Transcribe only the part of the listing below that begins at the line containing "Usado Skoda Karoq" and runs to its final line, keeping both ends.

* Records
[Start of section]
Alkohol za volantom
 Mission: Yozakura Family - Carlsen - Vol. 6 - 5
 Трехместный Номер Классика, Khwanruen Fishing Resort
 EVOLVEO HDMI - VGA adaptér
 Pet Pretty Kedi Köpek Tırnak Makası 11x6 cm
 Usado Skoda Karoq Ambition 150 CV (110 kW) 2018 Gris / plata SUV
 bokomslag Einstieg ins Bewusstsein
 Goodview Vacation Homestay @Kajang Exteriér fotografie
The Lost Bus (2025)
[End of section]
* Answer box
 Usado Skoda Karoq Ambition 150 CV (110 kW) 2018 Gris / plata SUV
 bokomslag Einstieg ins Bewusstsein
 Goodview Vacation Homestay @Kajang Exteriér fotografie
The Lost Bus (2025)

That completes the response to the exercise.